Photo d’Annabelle Simon par Anne Barbot

Le collectif In Vitro « provoque le réel » avec Tchekhov dans la ville, mise en scène hors-les-murs des Trois sœurs.

Dans cette déambulation théâtrale qui se joue à Belfort, passant par une librairie, un restaurant et un salon de coiffure, les Trois sœurs ne sont plus que deux. L’intrigue se resserre ainsi autour d’Irina, Macha et leur frère Andrea. Le reste de la famille, parfois évoqué, laisse place à d’étranges personnages: les propriétaires actuels des lieux que visite le public. La trame est elle aussi modernisée puisque la fratrie n’exerce plus dans l’enseignement, ne rêve plus de Moscou mais de New-York. L’incapacité à changer leur existence demeure. Macha reste la sœur râleuse et fataliste, Andrea l’endetté idolâtré sans raison manifeste et Irina, la benjamine oisive, partagée entre rire et larmes. Ces figures, qui sont les plus singulières et extrêmes de la pièce, partagent leurs tensions familiales et amoureuses, ainsi que leur désir de tout plaquer, sans jamais oser le faire. Le collectif entend ainsi « confronter les problématiques de l’œuvre à celles de nos vies et imaginer comment Tchekhov pourrait répondre aux questions contemporaines », indique Annabelle Simon, qui incarne Macha. Pour intégrer « nos vies » au spectacle, In Vitro mise sur la véracité des lieux de représentation. Les comédiens dépassent la frontière des portes du théâtre en allant vers le public, pour une rencontre située dans le flou entre la fiction de la pièce et la réalité de l’endroit et de ses propriétaires.

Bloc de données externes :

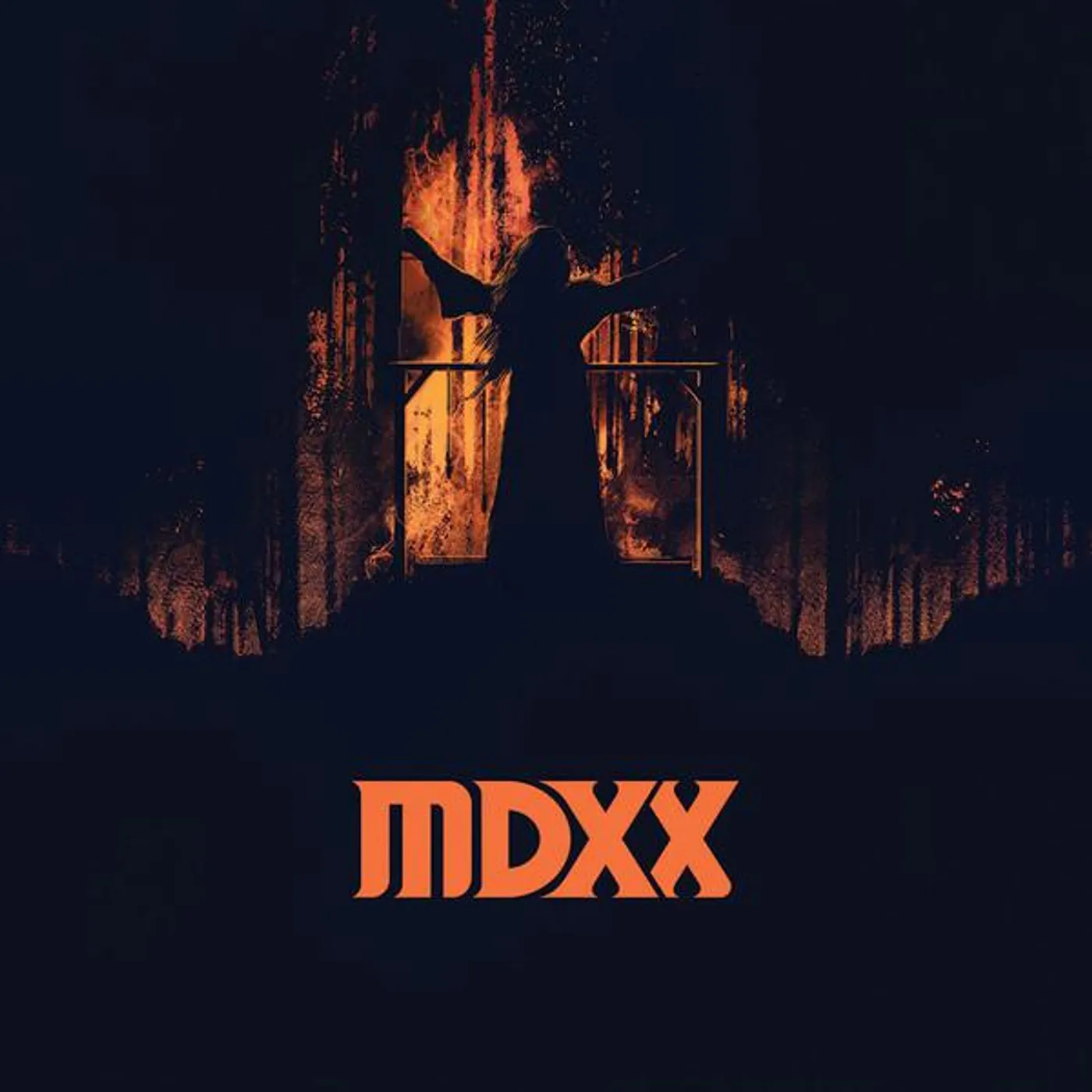 MDXX CD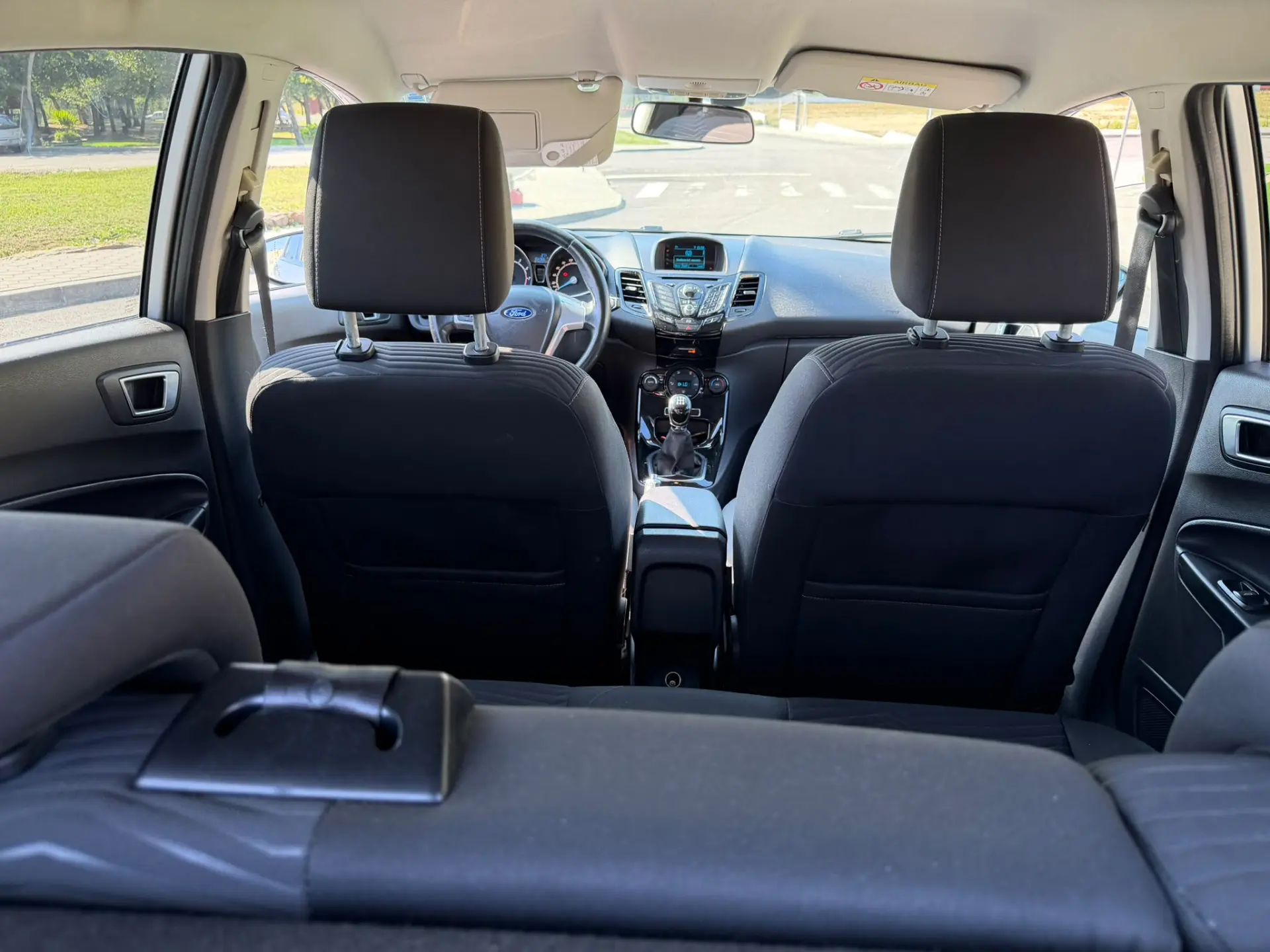 Ford Fiesta 10
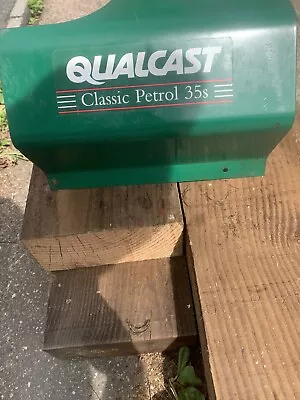 Tecumseh Atco Qualcast Classic 35s  Petrol Lawnmower Top Cover • £9.99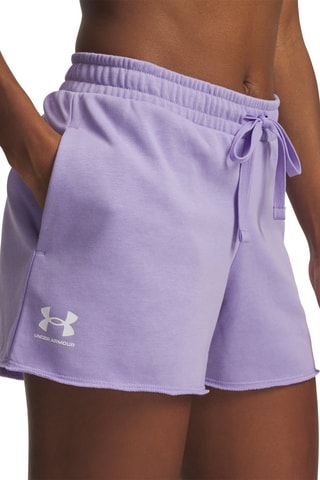 Short Rival Terry - Violet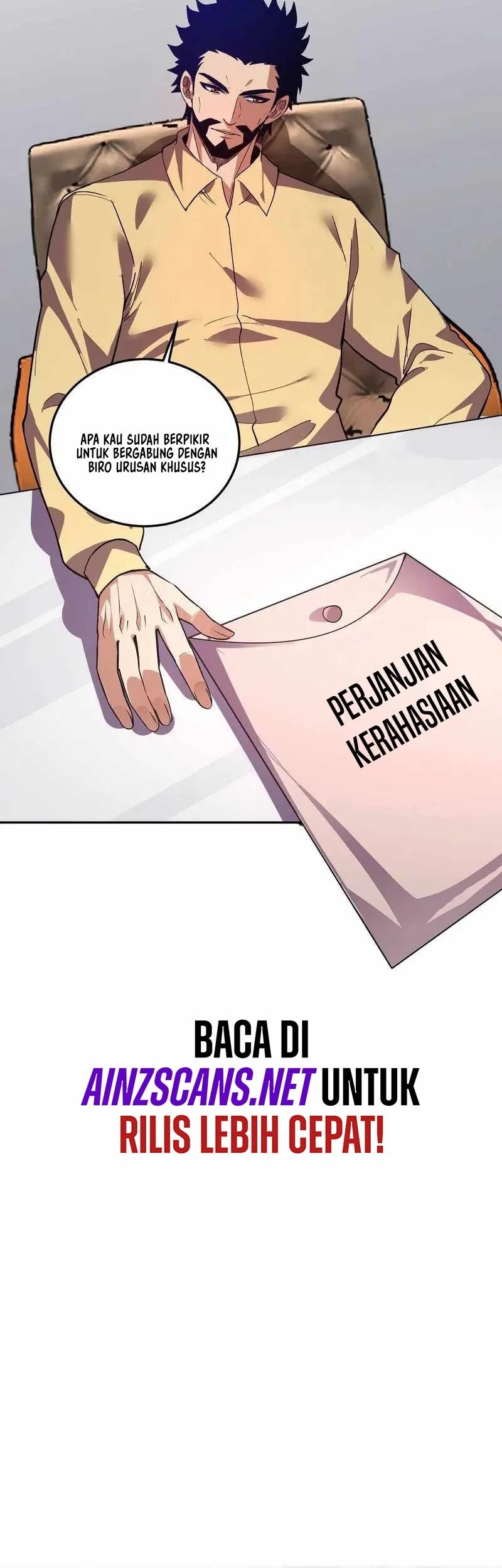Demon God of Apocalyptic Behemot Chapter 49 - halaman 36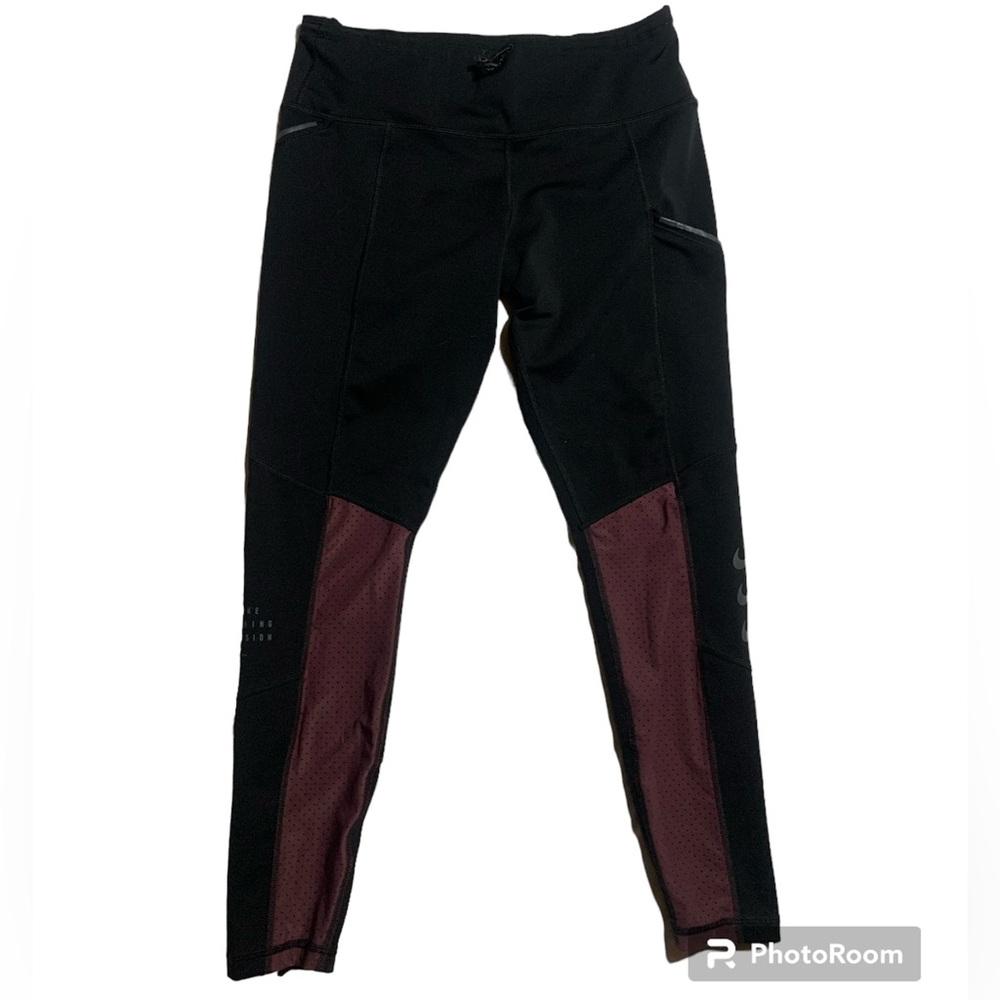 Nike Dri Fit Cropped Leggings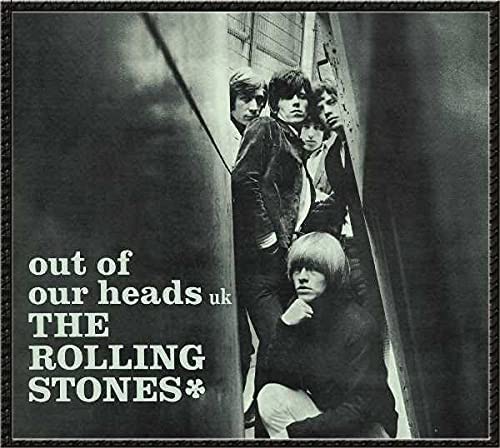 The Rolling Stones - Out of Our Heads - UK - Vinyl LP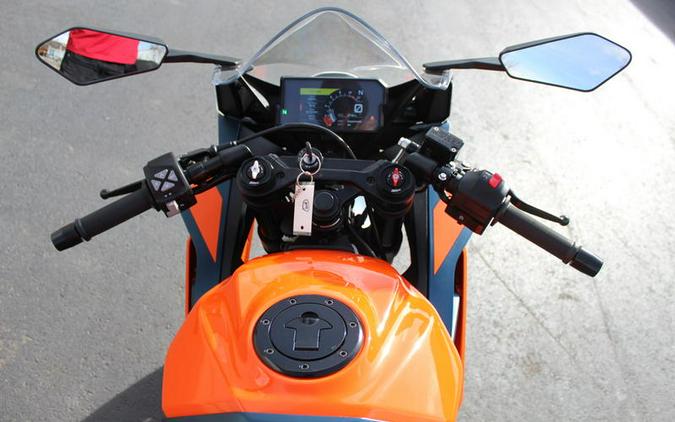 2022 KTM RC 390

La pièce est étalée sur une journée durant laquelle les spectateurs rencontrent successivement chaque personnage sur son lieu de vie, qui varie d’une représentation à l’autre. Si à Toulouse Andrea travaillait dans une médiathèque, à Belfort il devient libraire. Il en va de même pour le père décédé, souvent évoqué, marin à Lorient et haut-fonctionnaire auprès d’Airbus à Toulouse. Pour pleinement s’immerger dans leur rôle, les acteurs s’imprègnent de ces endroits pendant quatre jours, afin de peaufiner l’adaptation du premier acte. Celui-ci reste constamment en mouvement, au gré des réalités de l’instant et du lieu, ce qui permet de souligner la « fragilité du présent », précise Richard Sandra, interprète d’Andrea. Les propriétaires des locaux deviennent les interlocuteurs des comédiens, créant un mélange de surprises et d’improvisations, véritable pari théâtral puisqu’aucune répétition n’est organisée au préalable. La scène finale a lieu dans le restaurant de Macha, où se prépare l’anniversaire surprise d’Irina. Les spectateurs y prennent part en suivant les instructions de la sœur ainée, à l’instar de musiciens locaux, choisis par Le Granit, que les comédiens rencontrent, pour la première fois, en même temps que le public. Une pièce où personne ne se met d’accord, mais où tous jouent ensemble.